Normalerweise werden Kinder geimpft, weil sie ein hohes Erkrankungsrisiko haben, wie etwa bei Masern, Kinderlähmung oder Röteln.

Bei diesen bewährten Impfungen nehmen Eltern meist das eher geringe Restrisiko der Impfung im Vergleich zum Nutzen für ihre Kinder in Kauf.

Die Nutzen-Risiko-Abwägung sieht bei Covid-19 jedoch völlig anders aus, weil eben kaum ein Erkrankungsrisiko besteht. Dazu sind alle Impfstoffe noch in der klinischen Entwicklung, die Datenlage noch nicht ausreichend für eine reguläre Zulassung und es gibt laufend neue Erkenntnisse über Nebenwirkungen. Die Vorsitzende des deutschen Ethikrats, die Medizinethikerin Alena Buyx, spricht sich daher vehement gegen baldige Impfungen für Kinder aus.

Der wichtigste Grund, warum eine Corona-Impfung für Kinder und Jugendliche in manchen Ländern geplant ist, ist die Ansteckungsgefahr für Erwachsene und das Erreichen einer „Herdenimmunität“. Kinder und Jugendliche sollen also nicht primär zu ihrem eigenen Schutz geimpft werden, sondern zum Schutz der Erwachsenen.

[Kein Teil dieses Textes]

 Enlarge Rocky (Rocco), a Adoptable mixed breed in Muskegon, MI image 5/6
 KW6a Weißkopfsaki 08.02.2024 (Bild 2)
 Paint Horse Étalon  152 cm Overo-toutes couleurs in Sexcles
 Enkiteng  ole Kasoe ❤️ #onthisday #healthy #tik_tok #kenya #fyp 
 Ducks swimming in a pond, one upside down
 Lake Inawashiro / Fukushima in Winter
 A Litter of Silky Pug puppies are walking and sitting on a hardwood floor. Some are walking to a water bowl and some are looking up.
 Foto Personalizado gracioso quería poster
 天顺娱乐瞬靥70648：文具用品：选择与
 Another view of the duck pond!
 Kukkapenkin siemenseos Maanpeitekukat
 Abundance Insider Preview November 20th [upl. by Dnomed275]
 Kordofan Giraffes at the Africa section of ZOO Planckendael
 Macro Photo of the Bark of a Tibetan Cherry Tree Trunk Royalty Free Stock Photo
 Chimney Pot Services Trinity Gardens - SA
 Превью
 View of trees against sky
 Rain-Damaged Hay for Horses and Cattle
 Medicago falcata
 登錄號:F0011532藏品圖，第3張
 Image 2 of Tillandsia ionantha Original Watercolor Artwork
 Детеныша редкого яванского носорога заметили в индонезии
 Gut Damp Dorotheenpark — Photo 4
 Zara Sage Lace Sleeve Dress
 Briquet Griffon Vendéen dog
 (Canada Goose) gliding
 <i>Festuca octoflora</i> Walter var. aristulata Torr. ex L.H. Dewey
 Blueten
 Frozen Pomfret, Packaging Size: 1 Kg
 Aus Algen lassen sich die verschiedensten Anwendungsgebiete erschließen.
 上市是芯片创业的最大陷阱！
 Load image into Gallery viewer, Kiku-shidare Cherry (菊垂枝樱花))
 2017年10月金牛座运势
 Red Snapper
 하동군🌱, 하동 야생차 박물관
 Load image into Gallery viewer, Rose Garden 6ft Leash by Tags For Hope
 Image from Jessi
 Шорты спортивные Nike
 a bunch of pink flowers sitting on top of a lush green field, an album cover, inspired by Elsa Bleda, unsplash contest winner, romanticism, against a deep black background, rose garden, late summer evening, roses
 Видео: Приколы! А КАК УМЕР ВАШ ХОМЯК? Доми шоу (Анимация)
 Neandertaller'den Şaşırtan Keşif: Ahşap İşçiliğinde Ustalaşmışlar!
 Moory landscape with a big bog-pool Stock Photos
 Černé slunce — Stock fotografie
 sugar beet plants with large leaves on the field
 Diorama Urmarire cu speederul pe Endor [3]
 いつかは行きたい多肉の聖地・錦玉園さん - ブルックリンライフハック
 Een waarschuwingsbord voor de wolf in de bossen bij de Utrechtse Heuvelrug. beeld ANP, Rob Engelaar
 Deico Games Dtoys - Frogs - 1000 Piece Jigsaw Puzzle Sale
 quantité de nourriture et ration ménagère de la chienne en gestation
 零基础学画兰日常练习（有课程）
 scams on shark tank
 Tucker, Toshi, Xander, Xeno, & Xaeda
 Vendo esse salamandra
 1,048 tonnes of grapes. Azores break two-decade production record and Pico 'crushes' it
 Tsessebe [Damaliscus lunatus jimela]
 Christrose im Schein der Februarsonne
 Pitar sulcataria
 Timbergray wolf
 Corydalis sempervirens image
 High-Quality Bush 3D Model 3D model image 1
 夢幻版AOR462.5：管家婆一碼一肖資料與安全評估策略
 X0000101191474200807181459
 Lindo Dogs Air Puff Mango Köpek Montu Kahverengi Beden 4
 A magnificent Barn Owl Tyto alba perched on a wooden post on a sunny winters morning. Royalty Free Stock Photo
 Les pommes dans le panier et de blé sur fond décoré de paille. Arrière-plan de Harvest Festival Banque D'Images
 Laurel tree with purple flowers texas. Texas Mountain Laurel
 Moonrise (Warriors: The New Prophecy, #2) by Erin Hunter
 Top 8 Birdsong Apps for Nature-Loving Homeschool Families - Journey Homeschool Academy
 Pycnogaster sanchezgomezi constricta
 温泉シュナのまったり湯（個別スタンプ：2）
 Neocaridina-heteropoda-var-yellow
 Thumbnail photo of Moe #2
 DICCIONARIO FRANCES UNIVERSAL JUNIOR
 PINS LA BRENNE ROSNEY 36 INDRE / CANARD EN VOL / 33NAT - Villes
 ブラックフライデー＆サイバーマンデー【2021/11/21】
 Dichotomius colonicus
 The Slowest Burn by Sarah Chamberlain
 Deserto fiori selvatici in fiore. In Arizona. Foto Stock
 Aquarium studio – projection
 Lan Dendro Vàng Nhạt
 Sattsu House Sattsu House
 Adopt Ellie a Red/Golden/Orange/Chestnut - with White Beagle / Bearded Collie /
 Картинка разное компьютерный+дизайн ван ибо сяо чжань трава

Sie dienen als Mittel zum Zweck. Zusätzlich ist fraglich, inwieweit so eine Herdenimmunität überhaupt erzielt werden kann, denn eine sterile Immunität ist bisher immer noch nicht erwiesen, erst recht nicht bei den Mutationen.

Wir wissen mittlerweile, dass Impfreaktionen und Nebenwirkungen tendenziell umso stärker und schwerer sind, je jünger der Geimpfte ist. Über längerfristige Auswirkungen wissen wir nichts, weil Studien und Anwendung ja erst seit wenigen Monaten laufen.

Nun stellt sich die zentrale Frage: Ist bei einem extrem geringen Erkrankungsrisiko bei gesunden Kindern und selbst wenn schwere Nebenwirkungen und Langzeitschäden nach einer Impfung nur selten auftreten würden, das Risiko für Kinder nicht eindeutig größer als der Nutzen? Ist vertretbar, dass Kinder, die selbst kaum gefährdet sind, zum Schutz der Erwachsenen einem unverhältnismäßigen Risiko ausgesetzt werden?

Sollte also eine Impfung für Kinder kommen, könnte diese nur für vorerkrankte Kinder infrage kommen, die ein erhöhtes Risiko haben. Eine mögliche Herdenimmunität würde eine „Durchimpfung“ von Kindern nicht rechtfertigen. Es müsste vielmehr ganz klar das Kindeswohl im Vordergrund stehen.